Before digital access to proposed bills and committee agendas, the Legislative Mail Room was the busiest place on the Hill. Lobbyists and the public had to subscribe to receive the bills and each subscriber had a mailbox in which the clerks would place a copy of bills. Sometimes lucky lobbyists could obtain an advanced copy of a bill before printing which made them very popular with their colleagues who wished for a photocopy.
U.S. mail, especially during the General Session used to flood into the legislature. Gradually, the snail-mail gave way to faxes and finally, now most of that communication is through email, texts and mobile phones.
Lobbyists Then and Now
In the mid-70s when I started lobbying for the Taxpayers Association there was a small fraction of the thousands of lobbyists today. Jack Olson of the Utah Taxpayers Association and Robert Halladay of the Utah Mining Association were two of the most prominent and senior lobbyists. There was a couch on the third floor of the Capitol building by the elevator between the House and Senate floor entrances. This was known by everyone as Olson’s and Halladay’s “office.” Legislators wanting information or to know positions of these organizations always knew where these men could be found.

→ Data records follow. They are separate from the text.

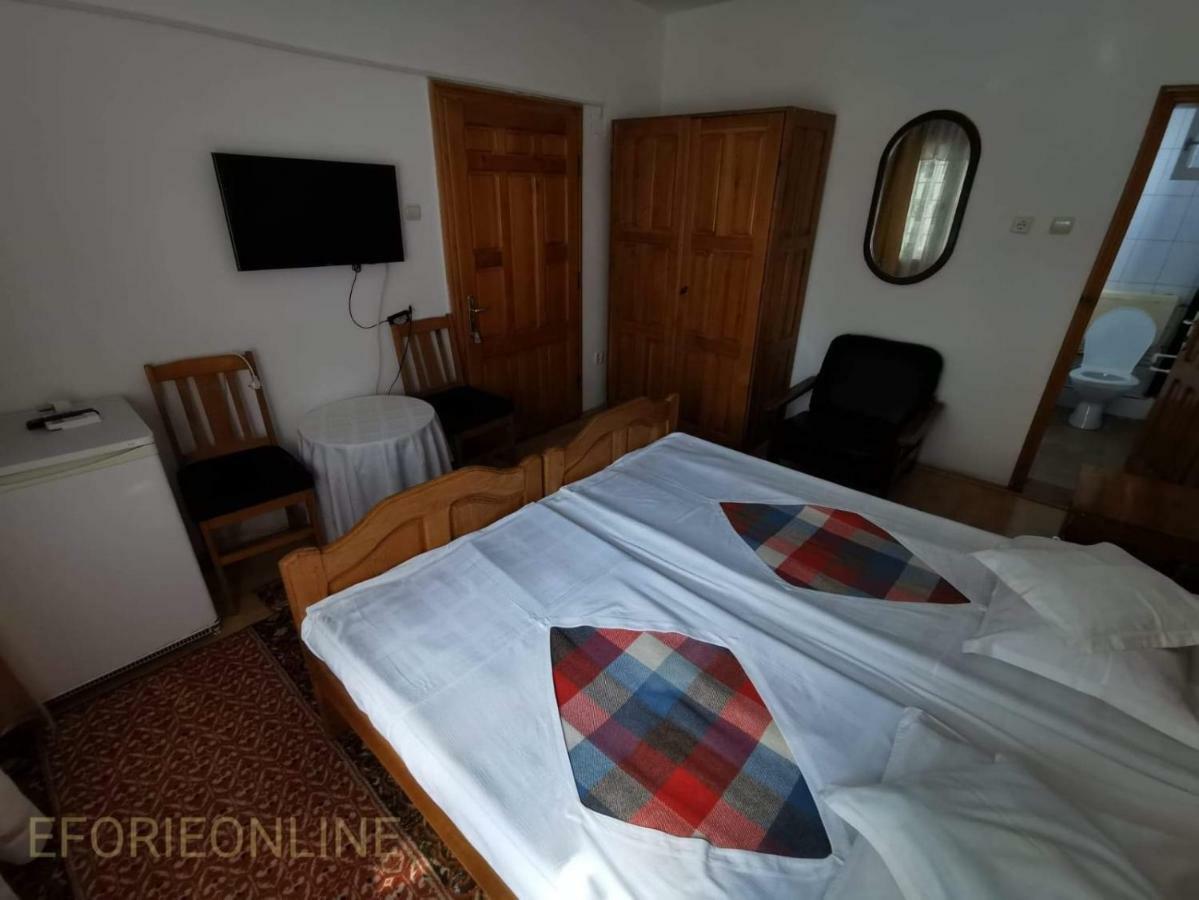 Vila Casacarp Eforie Sud  Εξωτερικό φωτογραφία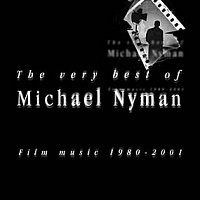NYMAN MICHAEL /UK/ - Film music 1980-2001:2cd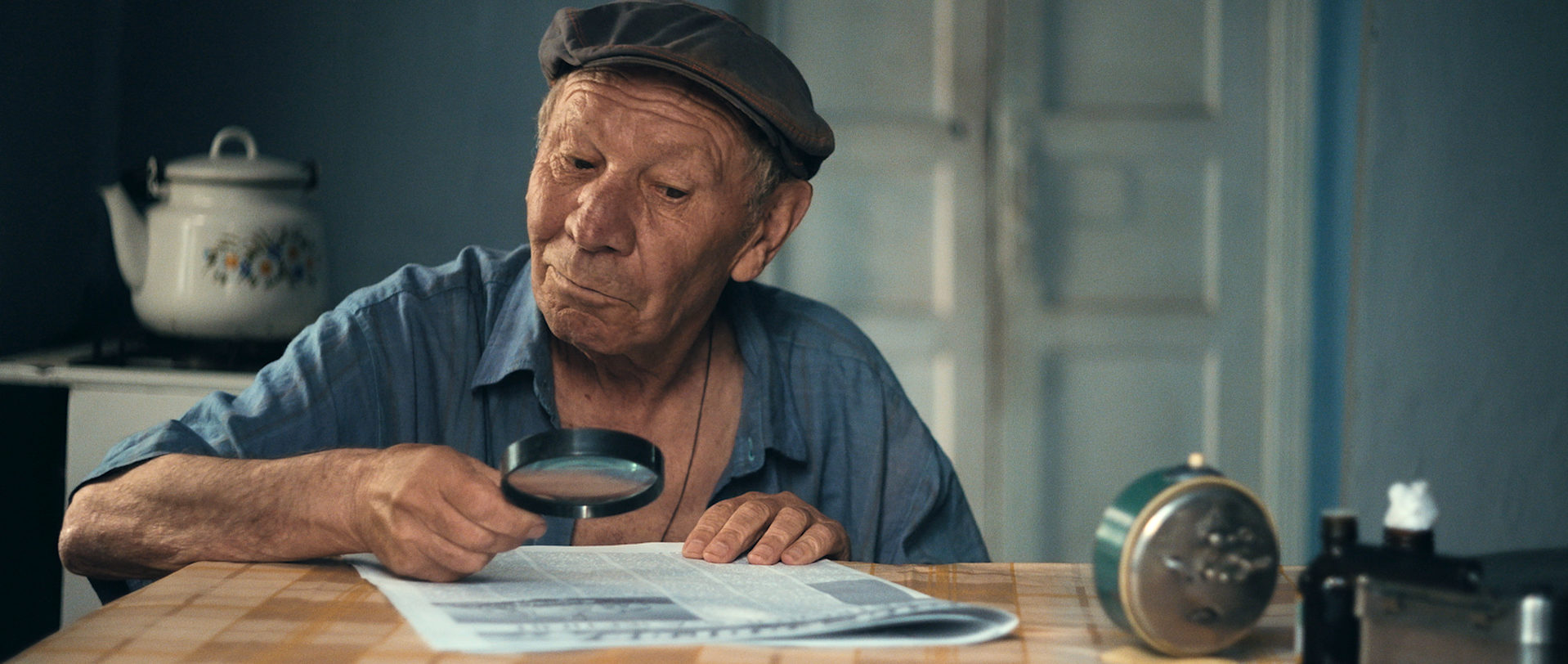 «Коротко: День короткого метра» в сети кинотеатров «Москино» – события на сайте «Московские Сезоны»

The Capitol building during the legislative session in recent years was crowded with hundreds of citizens and lobbyists, but due to COVID-19 the crowds are gone and legislators are reached digitally. Committee meetings are uncrowded with social distancing enforced and much of the committee member participation and public testimony is provided through Zoom meetings.
The Inside of Lobbying
While buying a suit last month the attendant, knowing my history of lobbying and serving in the legislature asked if I could advise him on how he could get into the lobbying business. I explained a person needed at least one of these prerequisites in order to be successful at lobbying: The first is knowledge and passion about a cause you want to promote. The second is a deep understanding and experience in the legislative process. He admitted that he had neither of these.

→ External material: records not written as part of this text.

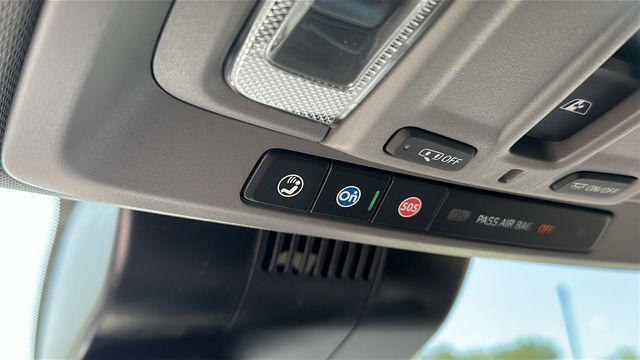 new 2025 GMC Sierra 2500 car, priced at $59,690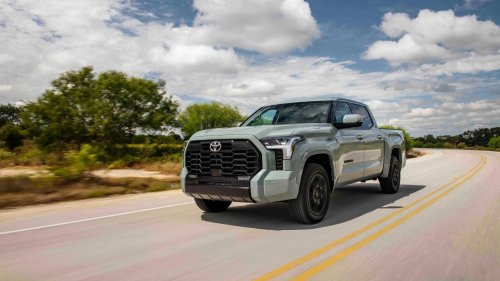 All 2025 Toyota recalls by model in one place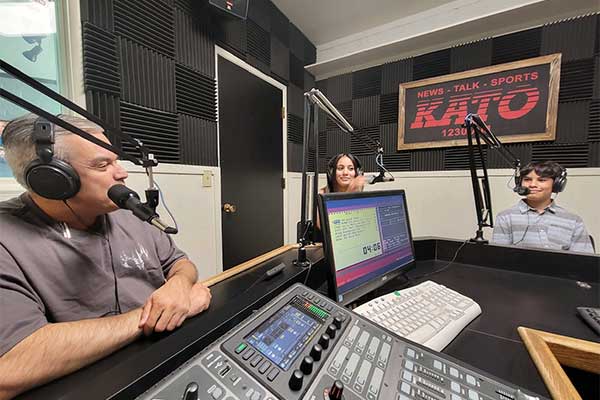 Voice of the Valley: Fourth of July Activities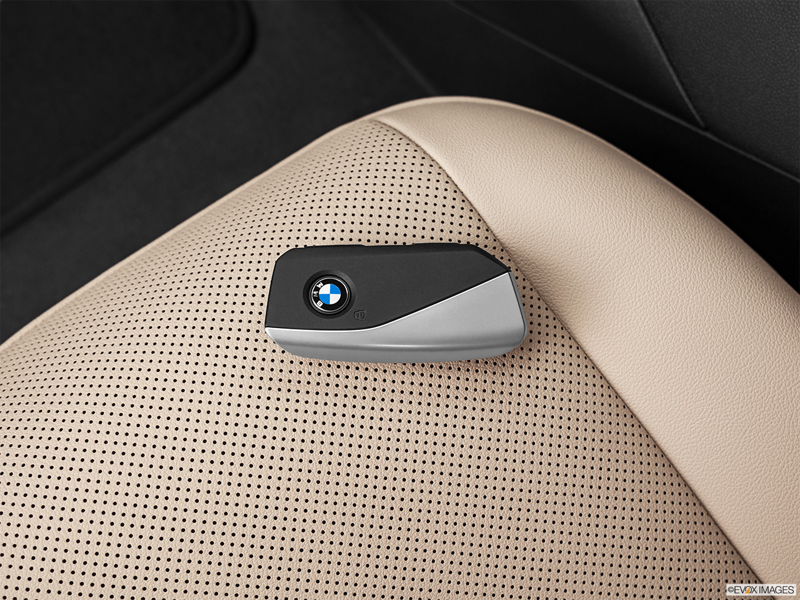 2026 BMW iX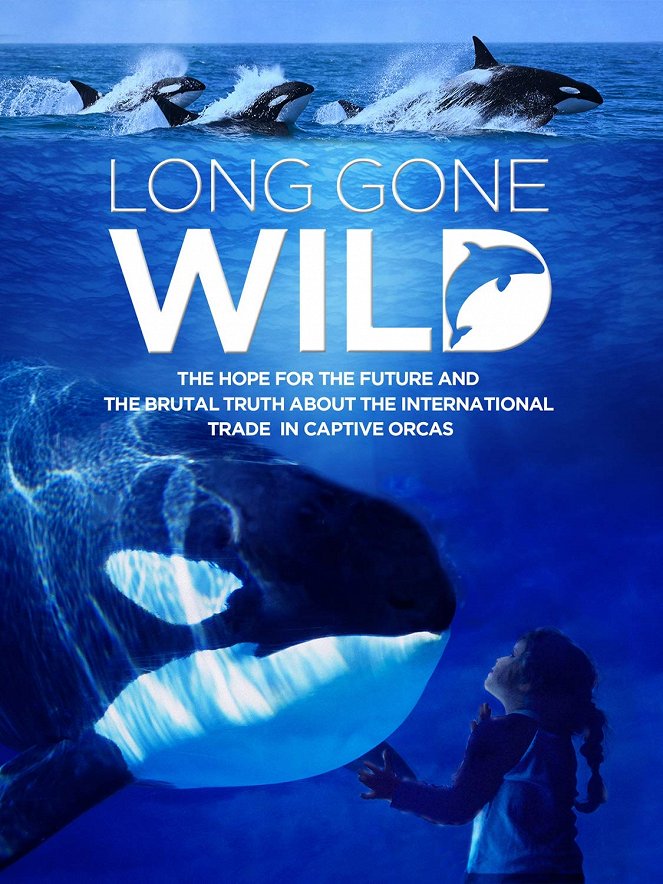 Long Gone Wild - Posters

Many of the most effective lobbyists in Utah today learned the craft from interning for legislators and other more senior lobbyists. His question made me realize how important experienced, ethical lobbyists are in assisting citizens and businesses to navigate the legislative process effectively.
Lobbying has laws governing it. The law requires a lobbyist to wear a badge revealing they are a paid lobbyist. In order to qualify for the badge one must pass ethics and sexual harassment prevention training. The law also prohibits lobbying contracts to be based on passage or defeat of legislation.
Utah Is in Good Hands
As I was participating in Zoom committee meetings and watching the Senate and House floor action this week I was struck for the first time since leaving the Senate two years ago how smooth and open the process is. The professionalism of legislators in presenting their bills, the respectful nature of debate, and the ease of watching all that was happening in high-def living color made me proud to be a Utahn.